■ Work instruction
Look for the line containing "An outdoor seating" and the line containing "Living room with" in the entries below. Copy those two and all lines between them exactly, leaving out pictures.

■ Data supplied
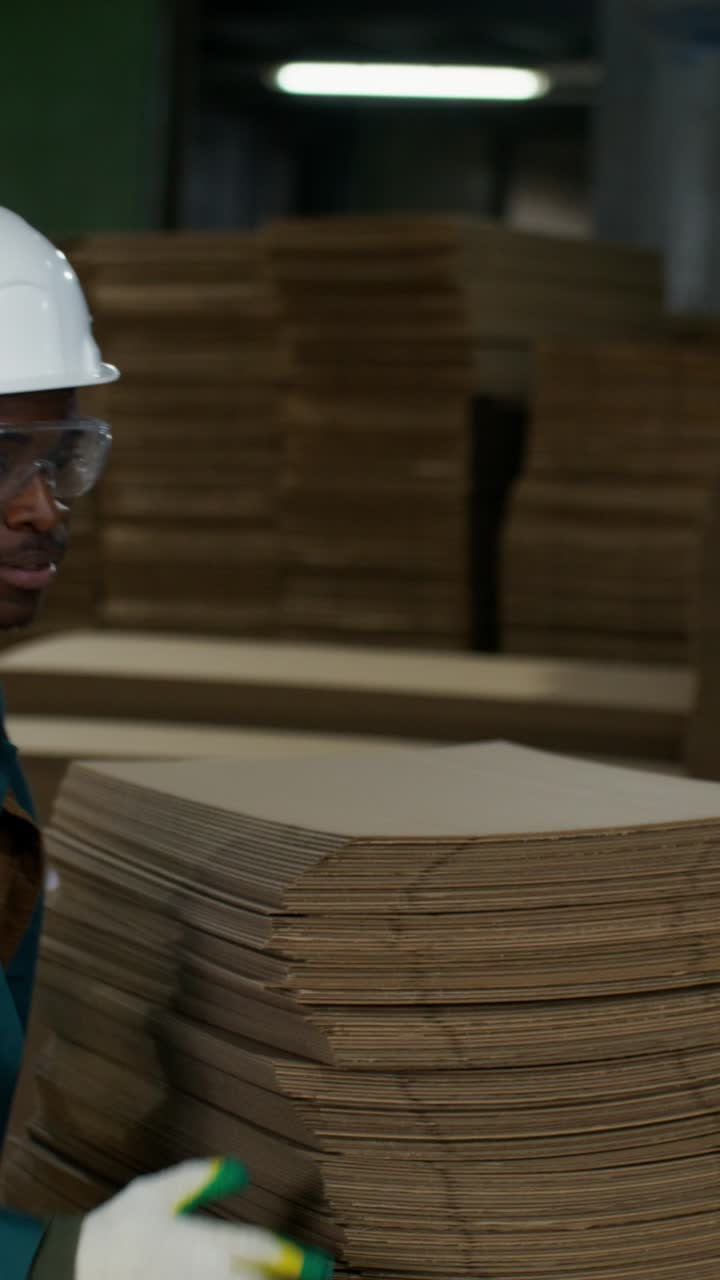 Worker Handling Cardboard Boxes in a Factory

...

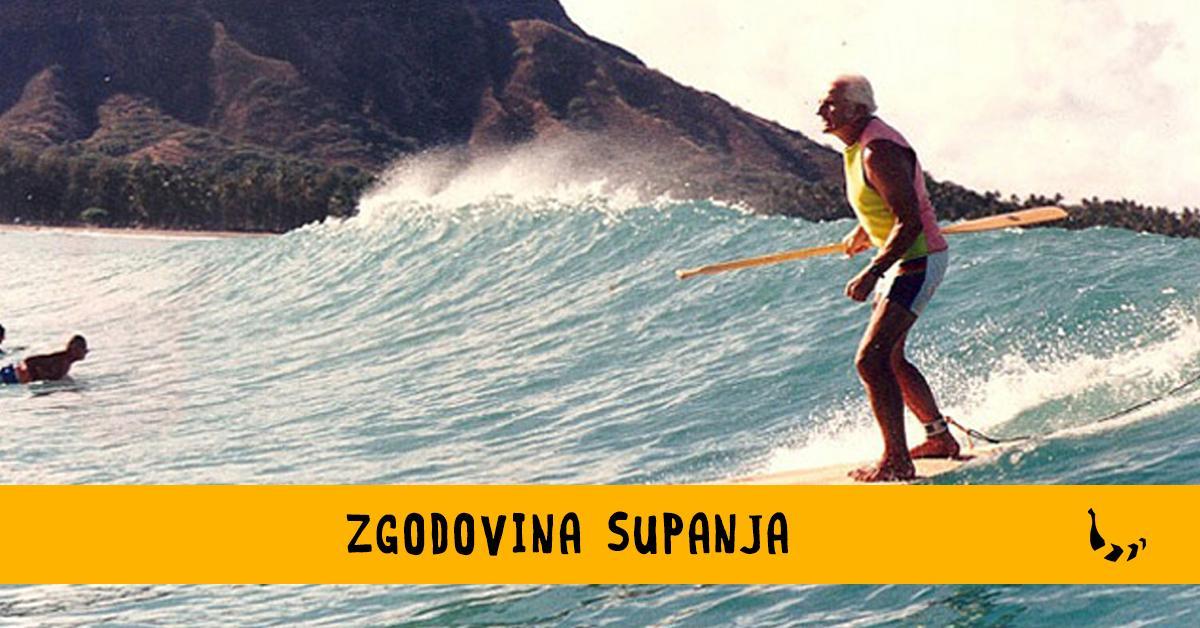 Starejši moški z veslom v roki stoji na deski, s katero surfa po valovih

...

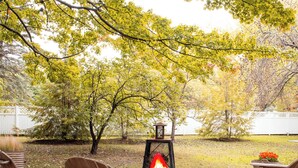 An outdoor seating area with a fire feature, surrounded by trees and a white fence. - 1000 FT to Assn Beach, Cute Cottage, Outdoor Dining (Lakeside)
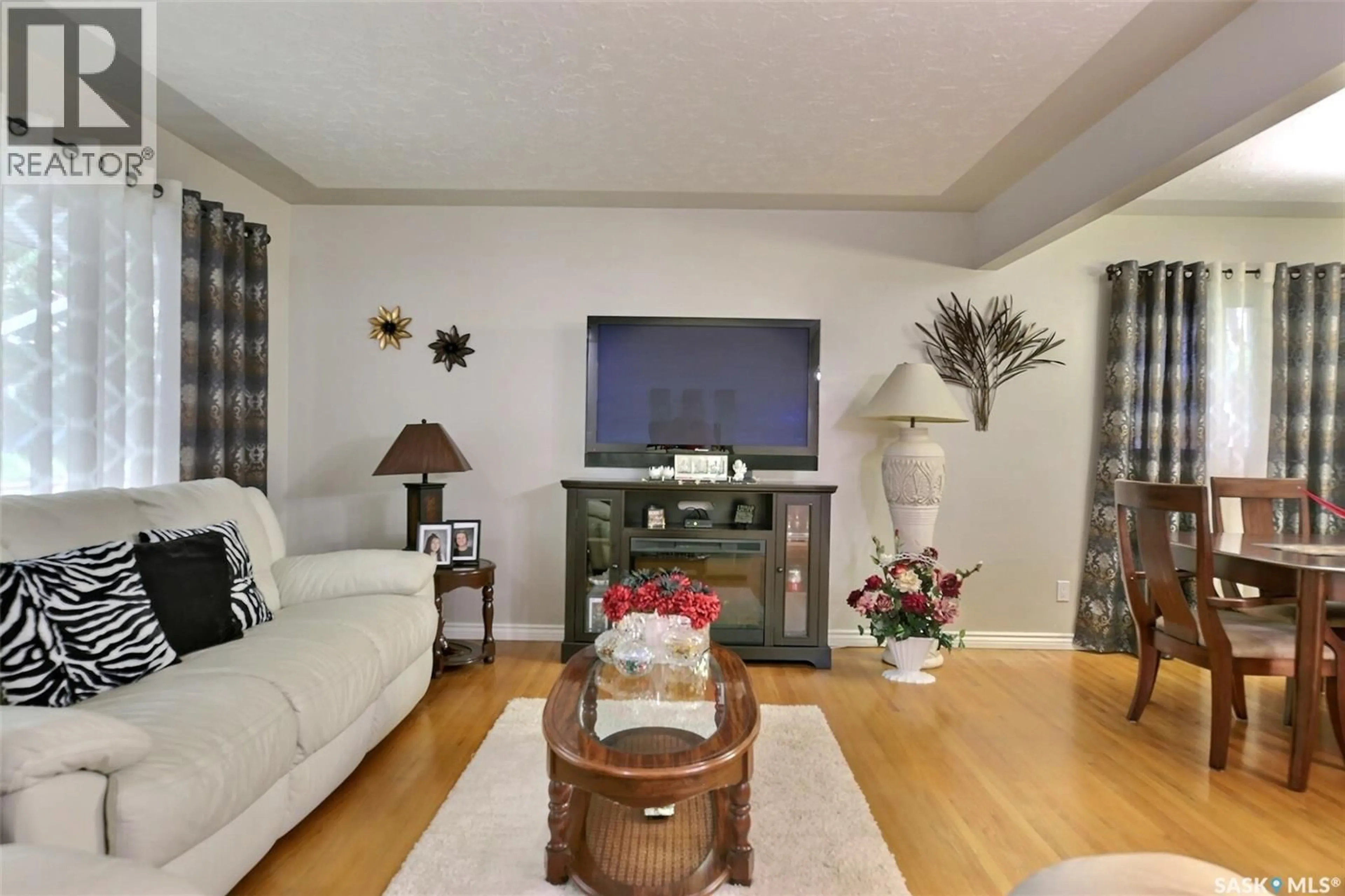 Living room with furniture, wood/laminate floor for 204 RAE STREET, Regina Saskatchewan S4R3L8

■ Output of the task
 An outdoor seating area with a fire feature, surrounded by trees and a white fence. - 1000 FT to Assn Beach, Cute Cottage, Outdoor Dining (Lakeside)
 Living room with furniture, wood/laminate floor for 204 RAE STREET, Regina Saskatchewan S4R3L8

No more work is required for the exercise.